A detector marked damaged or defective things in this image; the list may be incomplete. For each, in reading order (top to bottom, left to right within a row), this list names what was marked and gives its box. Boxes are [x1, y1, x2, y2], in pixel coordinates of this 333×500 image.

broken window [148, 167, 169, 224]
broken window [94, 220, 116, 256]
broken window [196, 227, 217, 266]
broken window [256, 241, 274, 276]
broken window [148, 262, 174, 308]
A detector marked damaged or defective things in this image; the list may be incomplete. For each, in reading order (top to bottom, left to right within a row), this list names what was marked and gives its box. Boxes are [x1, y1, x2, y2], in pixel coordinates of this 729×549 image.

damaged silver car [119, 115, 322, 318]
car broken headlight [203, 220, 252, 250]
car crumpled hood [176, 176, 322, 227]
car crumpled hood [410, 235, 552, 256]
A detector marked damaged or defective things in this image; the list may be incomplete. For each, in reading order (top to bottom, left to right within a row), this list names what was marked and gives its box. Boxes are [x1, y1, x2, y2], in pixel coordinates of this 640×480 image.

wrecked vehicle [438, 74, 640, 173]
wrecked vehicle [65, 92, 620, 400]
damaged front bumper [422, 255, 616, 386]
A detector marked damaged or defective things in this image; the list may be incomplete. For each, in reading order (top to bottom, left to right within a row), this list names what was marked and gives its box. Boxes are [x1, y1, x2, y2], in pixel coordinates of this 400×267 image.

######

◆ **Instructions to follow**: Output nothing but the lines from the one with "this 640×480 image." through the last line above, each exactly as it stands.

◆ **Result**:
A detector marked damaged or defective things in this image; the list may be incomplete. For each, in reading order (top to bottom, left to right within a row), this list names what was marked and gives its box. Boxes are [x1, y1, x2, y2], in pixel coordinates of this 640×480 image.

wrecked vehicle [438, 74, 640, 173]
wrecked vehicle [65, 92, 620, 400]
damaged front bumper [422, 255, 616, 386]
A detector marked damaged or defective things in this image; the list may be incomplete. For each, in reading order (top to bottom, left to right within a row), this list names what was marked and gives its box. Boxes are [x1, y1, x2, y2], in pixel coordinates of this 400×267 image.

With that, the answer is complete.